──────── Data shown ────────
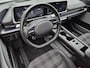 Hyundai Ioniq 6 First Edition AWD 77.4 kWh / 100% SOH / 8 jaar Batterijgarantie / Dealer onderhouden / Fabrieksgarantie tot 02-2028 / CCS snelladen / warmtepomp / Stuur- Stoel & Achterbank verwarming / Glazen schuif- en kanteldak / WLTP bereik 519 km bereik stad 658 km / Head Up Display / Rondomzicht camera /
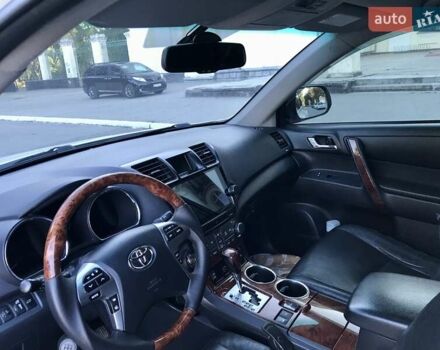 Белый Тойота Хайлендер, объемом двигателя 3.5 л и пробегом 178 тыс. км за 15999 $, фото 19 на Automoto.ua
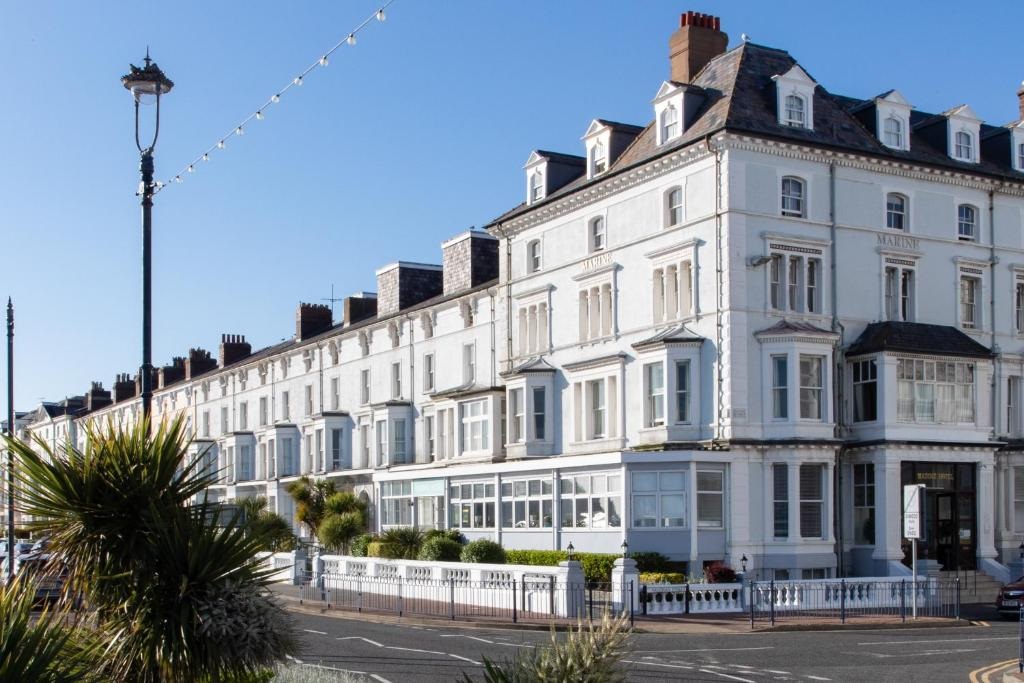 Llandudno Seafront Hotels – The Magic of a Christmas Stay by the Sea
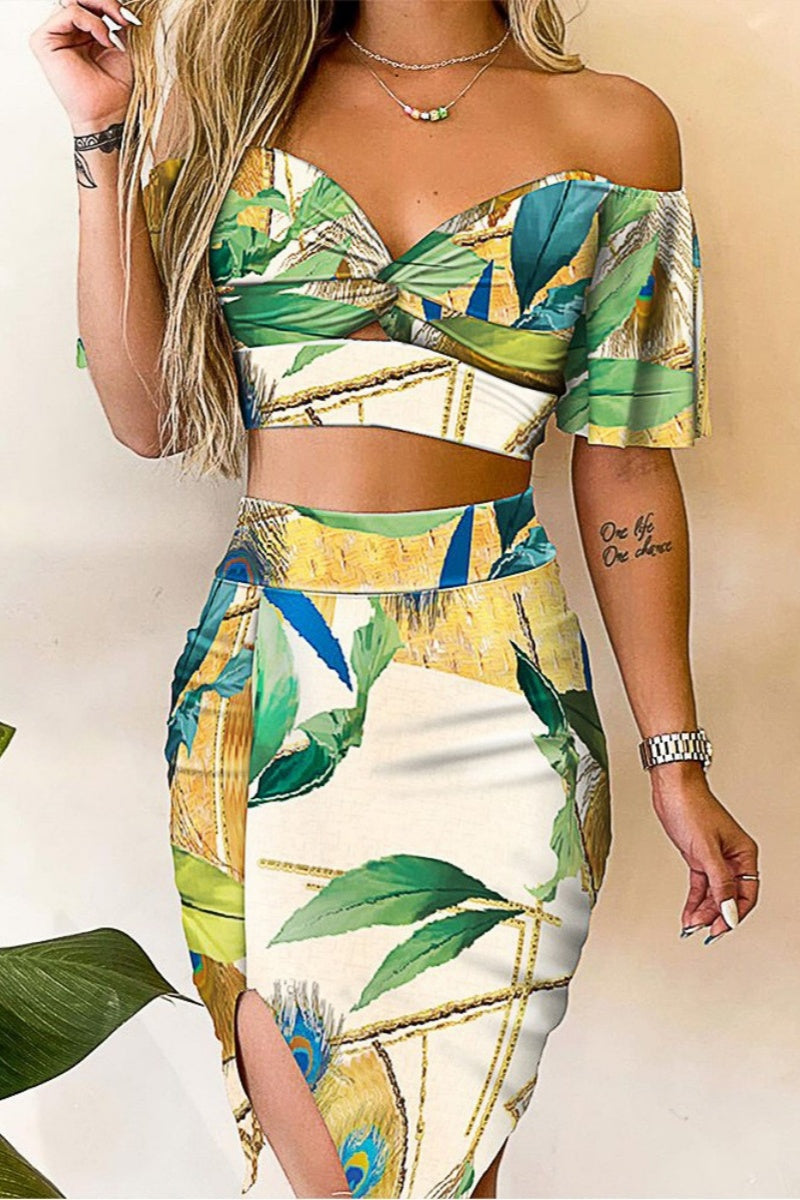 Sexy Casual Print Backless Slit Off the Shoulder Short Sleeve Two Pieces Green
────────
* [Your task] An exact repeat of the listing above, pictures excluded, is the answer.

* [Task answer]
 Hyundai Ioniq 6 First Edition AWD 77.4 kWh / 100% SOH / 8 jaar Batterijgarantie / Dealer onderhouden / Fabrieksgarantie tot 02-2028 / CCS snelladen / warmtepomp / Stuur- Stoel & Achterbank verwarming / Glazen schuif- en kanteldak / WLTP bereik 519 km bereik stad 658 km / Head Up Display / Rondomzicht camera /
 Белый Тойота Хайлендер, объемом двигателя 3.5 л и пробегом 178 тыс. км за 15999 $, фото 19 на Automoto.ua
 Llandudno Seafront Hotels – The Magic of a Christmas Stay by the Sea
 Sexy Casual Print Backless Slit Off the Shoulder Short Sleeve Two Pieces Green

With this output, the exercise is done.